Gupta Nishit, Mittal Aditi, Duggal Rajan, Dadu Tina, Agarwal Amit, Handoo Anil
Department of Haematology, BLK Superspeciality Hospital, Delhi, India, 110005.
Department of Histopathology, BLK Superspeciality Hospital, Delhi, India, 110005.
Int J Hematol Oncol Stem Cell Res. 2021 Oct 1;15(4):249-254. doi: 10.18502/ijhoscr.v15i4.7480.
Hodgkin lymphoma variant of Richter's transformation (HL-RT) is a rare event, occurring in < 1% chronic lymphocytic leukemia (CLL) cases, of which, in < 10% cases, HL is the first finding leading to a diagnosis of CLL that co-exists simultaneously. Here we report a 60 years old male patient who presented with an outside diagnosis of lymphocyte-rich classical HL. On evaluation, he had only B-symptoms in the form of low-grade fever and weight loss. Peripheral smear revealed mild leukocytosis with an absolute lymphocytosis and a few smudge cells. Bone marrow (BM) aspirate and biopsy exhibited diffuse infiltration by a small cell, low grade, Non-Hodgkin's lymphoma with no immunohistochemical evidence of HL. Flow cytometry performed on BM was consistent with classical immunoprofile of CLL. Meanwhile the lymph node received for review revealed diffuse effacement of nodal architecture by small mature lymphocytes with immunoprofile of CLL expressing CD20, CD5, and CD23. Interspersed between these cells, were a few eosinophils along with classical Reed Sternberg cells, expressing CD30, MUM-1, CD15, and dim PAX-5, with a surrounding rosette of T-Cells highlighted by CD3 and PD-1 and negative for CD45, CD20, and EBV immunohistochemistry. Fluorodeoxyglucose positron emission tomography (FDG-PET) scan revealed hepatosplenomegaly with multiple supra/infra diaphragmatic lymph nodes.

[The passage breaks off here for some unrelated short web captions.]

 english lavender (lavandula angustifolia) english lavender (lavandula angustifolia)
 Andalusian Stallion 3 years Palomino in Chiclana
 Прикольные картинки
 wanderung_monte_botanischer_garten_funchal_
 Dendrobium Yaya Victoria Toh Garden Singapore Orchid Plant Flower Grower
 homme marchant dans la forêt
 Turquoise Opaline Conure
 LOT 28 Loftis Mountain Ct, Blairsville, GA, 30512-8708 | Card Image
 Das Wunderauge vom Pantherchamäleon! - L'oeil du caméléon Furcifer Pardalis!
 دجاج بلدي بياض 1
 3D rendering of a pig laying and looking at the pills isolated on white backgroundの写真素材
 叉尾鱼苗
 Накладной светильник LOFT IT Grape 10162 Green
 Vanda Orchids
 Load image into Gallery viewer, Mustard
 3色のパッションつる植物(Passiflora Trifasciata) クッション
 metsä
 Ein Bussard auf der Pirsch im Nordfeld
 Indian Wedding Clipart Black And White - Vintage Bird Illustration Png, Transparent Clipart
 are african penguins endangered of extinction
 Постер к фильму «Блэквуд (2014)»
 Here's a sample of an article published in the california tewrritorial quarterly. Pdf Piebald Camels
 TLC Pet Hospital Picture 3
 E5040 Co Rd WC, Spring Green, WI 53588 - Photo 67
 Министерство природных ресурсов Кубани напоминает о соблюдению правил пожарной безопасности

So, a final diagnosis of HL-RT in CLL was considered. The patient is currently doing well after the first cycle of ABVD chemotherapy. HL-RT occurring in CLL is a rare event with heterogeneous clinical presentation, morphology, clonal origin, disease course, prognostic features, and survival.
里氏转化的霍奇金淋巴瘤变体(HL-RT)是一种罕见事件,发生于不到1%的慢性淋巴细胞白血病(CLL)病例中,其中不到10%的病例中,HL是导致CLL诊断同时并存的首发发现。在此,我们报告一名60岁男性患者,其最初被诊断为富于淋巴细胞的经典型HL。经评估,他仅表现为低热和体重减轻形式的B症状。外周血涂片显示轻度白细胞增多伴绝对淋巴细胞增多及少量涂抹细胞。骨髓穿刺和活检显示有小细胞、低级别非霍奇金淋巴瘤的弥漫性浸润,无HL的免疫组化证据。对骨髓进行的流式细胞术检测结果与CLL的经典免疫表型一致。同时,送检复查的淋巴结显示小成熟淋巴细胞弥漫性取代淋巴结结构,其免疫表型为表达CD20、CD5和CD23的CLL。在这些细胞之间散在分布着一些嗜酸性粒细胞以及经典的里德·斯腾伯格细胞,这些细胞表达CD30、MUM-1、CD15和弱阳性PAX-5,周围有CD3和PD-1标记的T细胞玫瑰花结,且CD45、CD20和EBV免疫组化呈阴性。氟脱氧葡萄糖正电子发射断层扫描(FDG-PET)显示肝脾肿大伴多个膈上/膈下淋巴结。因此,考虑最终诊断为CLL中的HL-RT。该患者在接受ABVD化疗的第一个周期后目前情况良好。CLL中发生的HL-RT是一种罕见事件,具有异质性的临床表现、形态学、克隆起源、病程、预后特征和生存率。